A Carlos y
Eva, mis amigos argentinos
Ya me gustaría, si ello
fuera posible, y con toda la humildad del mundo, hacer hoy en día un canto y
alabanza de la vejez, tal y como lo hizo Cicerón en su momento. Pero la vejez
hace mucho tiempo que dejó de tener el pretendido valor y prestigio que tenía
en la época del famoso orador. Entonces, cierto es, había un senado que dirigía
un imperio, dictaba leyes y manejaba varios e importantes asuntos de la res
publica. Ahora, por el contrario, el senado es un mero adorno, un cubículo a
donde van a parar algunos políticos con los que no saben qué hacer sus
respectivos partidos. Se ha convertido en una especie de buhardilla o cuarto
trastero. El senado, en consecuencia, no decide nada, ni sirve para nada. Y en
la vida civil se ha prestigiado, tal vez sobre manera, a la juventud. Pero no
una juventud cualquiera, sino la juventud que trabaja y puede permitirse el
lujo de mantener un par de hipotecas y disfrutar de sus deudas y su nómina.
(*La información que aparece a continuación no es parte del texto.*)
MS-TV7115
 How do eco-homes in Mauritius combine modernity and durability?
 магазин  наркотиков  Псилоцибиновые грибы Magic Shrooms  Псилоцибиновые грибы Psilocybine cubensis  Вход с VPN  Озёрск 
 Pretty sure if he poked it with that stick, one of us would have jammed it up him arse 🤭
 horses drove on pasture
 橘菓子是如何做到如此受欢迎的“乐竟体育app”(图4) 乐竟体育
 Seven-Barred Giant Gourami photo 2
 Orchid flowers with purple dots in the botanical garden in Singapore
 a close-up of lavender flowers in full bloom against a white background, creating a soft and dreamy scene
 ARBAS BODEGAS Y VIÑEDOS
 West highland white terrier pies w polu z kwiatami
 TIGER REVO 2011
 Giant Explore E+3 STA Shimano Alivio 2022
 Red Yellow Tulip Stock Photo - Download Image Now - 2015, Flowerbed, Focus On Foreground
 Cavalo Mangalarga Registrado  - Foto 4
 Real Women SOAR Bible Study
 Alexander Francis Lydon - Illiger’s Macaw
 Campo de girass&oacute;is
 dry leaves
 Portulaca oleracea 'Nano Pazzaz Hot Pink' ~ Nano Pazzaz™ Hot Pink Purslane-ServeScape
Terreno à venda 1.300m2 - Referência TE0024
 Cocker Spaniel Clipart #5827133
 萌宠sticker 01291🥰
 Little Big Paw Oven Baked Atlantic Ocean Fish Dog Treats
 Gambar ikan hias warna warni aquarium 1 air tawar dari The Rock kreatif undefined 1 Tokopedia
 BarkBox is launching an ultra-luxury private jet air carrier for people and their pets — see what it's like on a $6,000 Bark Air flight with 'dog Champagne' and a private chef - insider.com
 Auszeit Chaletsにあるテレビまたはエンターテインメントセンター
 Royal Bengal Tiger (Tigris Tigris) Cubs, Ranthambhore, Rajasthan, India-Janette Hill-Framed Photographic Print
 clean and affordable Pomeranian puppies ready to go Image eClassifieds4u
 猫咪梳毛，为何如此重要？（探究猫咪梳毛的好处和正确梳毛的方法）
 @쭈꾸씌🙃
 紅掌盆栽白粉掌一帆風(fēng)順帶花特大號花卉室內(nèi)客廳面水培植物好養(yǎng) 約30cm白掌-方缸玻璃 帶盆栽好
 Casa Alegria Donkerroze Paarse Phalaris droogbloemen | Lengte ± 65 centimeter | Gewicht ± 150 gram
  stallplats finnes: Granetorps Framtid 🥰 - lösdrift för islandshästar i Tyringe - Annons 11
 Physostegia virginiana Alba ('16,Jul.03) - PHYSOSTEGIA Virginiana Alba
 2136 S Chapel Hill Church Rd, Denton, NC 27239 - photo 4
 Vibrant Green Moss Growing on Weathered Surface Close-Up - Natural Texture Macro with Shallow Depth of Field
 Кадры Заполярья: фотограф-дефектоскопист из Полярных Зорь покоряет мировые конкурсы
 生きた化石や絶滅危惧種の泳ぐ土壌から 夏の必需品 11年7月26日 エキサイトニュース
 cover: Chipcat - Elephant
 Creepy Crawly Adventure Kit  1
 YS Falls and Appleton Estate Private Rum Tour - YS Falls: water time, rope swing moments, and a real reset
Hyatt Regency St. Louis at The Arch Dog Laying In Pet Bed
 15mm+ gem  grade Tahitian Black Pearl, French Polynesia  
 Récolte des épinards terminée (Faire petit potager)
Los
ancianos, sin trabajo ni hipotecas, son, por el contrario, una carga para estos
jóvenes, habitantes de una sociedad en permanente crisis, porque exigen todo
aquel dinero que han pagado a lo largo de su vida de trabajadores cotizando a
la seguridad social. Dicen, desde altas instancias, que no hay dinero para
devolverles lo que es suyo. Parte, pues, de la nómina de la juventud se tiene
que destinar para los ancianos. De ahí la peregrina idea de un cierto ministro
japonés que recomendaba a los mayores que se murieran pronto a fin de dejar de
ser una insoportable carga para el resto de los ciudadanos. Sobra el consejo de
tan sabio ministro: seguramente los ancianos se morirán, unos antes que otros,
pero se morirán. Como también lo harán esos jóvenes con varias hipotecas y un
trabajo sujeto con papel engomado. Y hasta el propio ministro envejecerá y
morirá. Salvo que los dioses, que puede ser, dispongan otra cosa.